→ Activity: Could you output each line below exactly as it appears, excluding any pictures?

→ Data section:
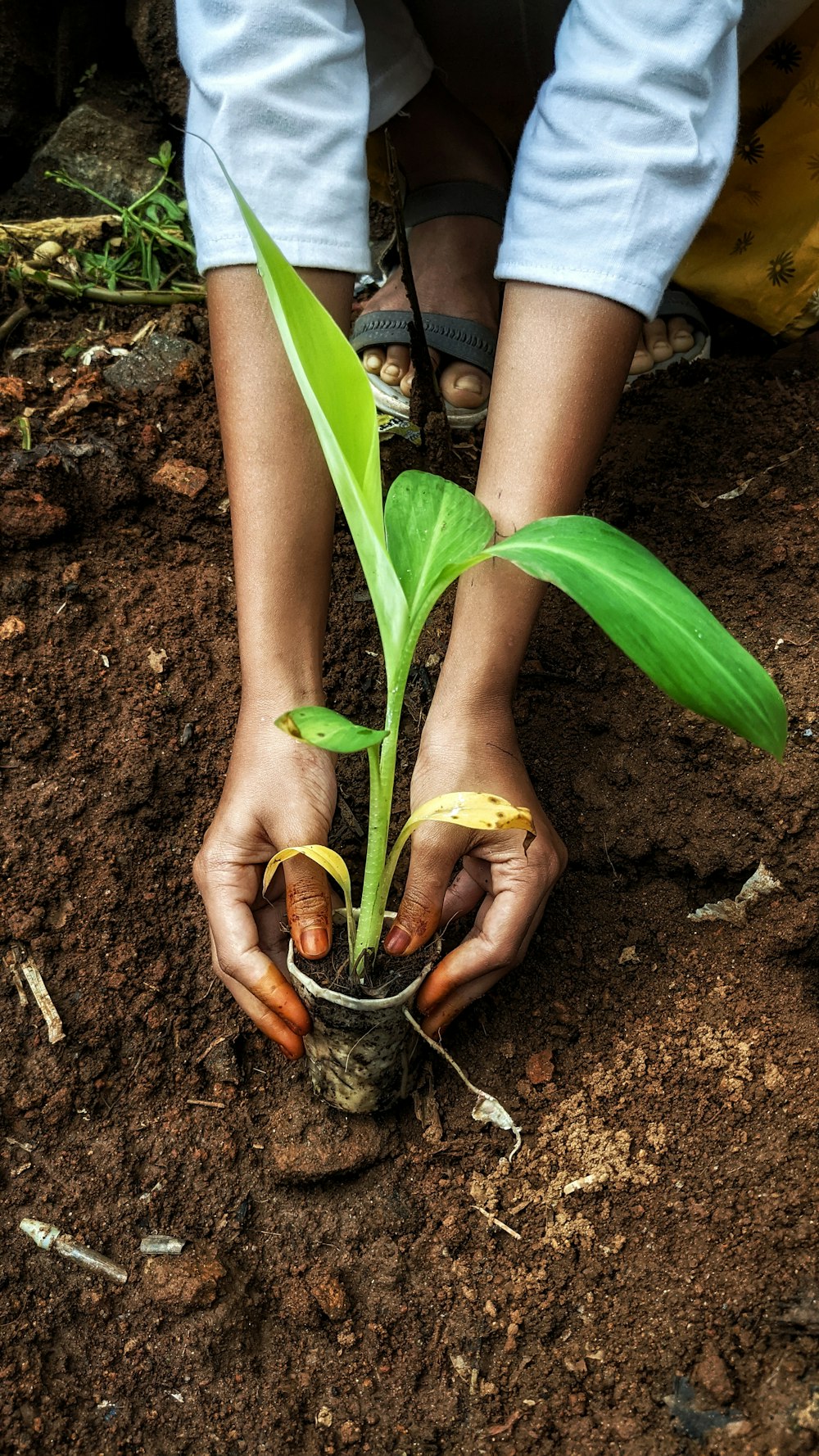 a person holding a plant in their hands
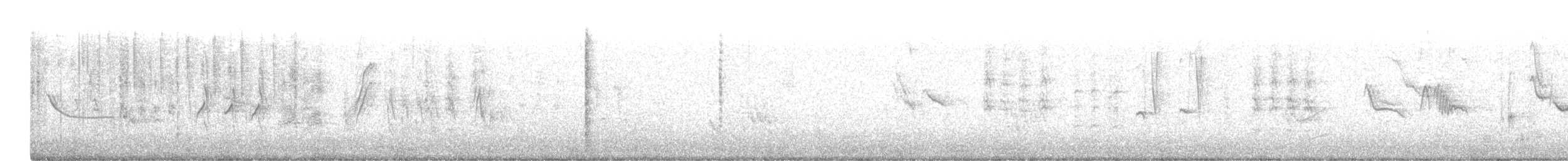 kolibřík širokozobý - ML614996881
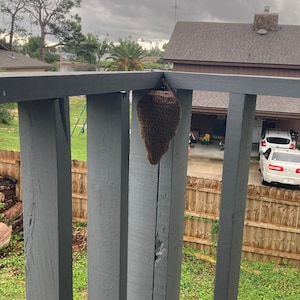 Comprador de Etsy ha añadido una foto de su compra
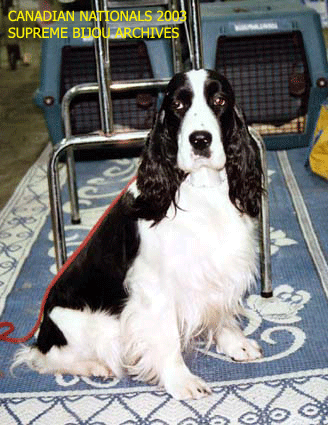 English Springer Spaniel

→ Output:
 a person holding a plant in their hands
 kolibřík širokozobý - ML614996881
 Comprador de Etsy ha añadido una foto de su compra
 English Springer Spaniel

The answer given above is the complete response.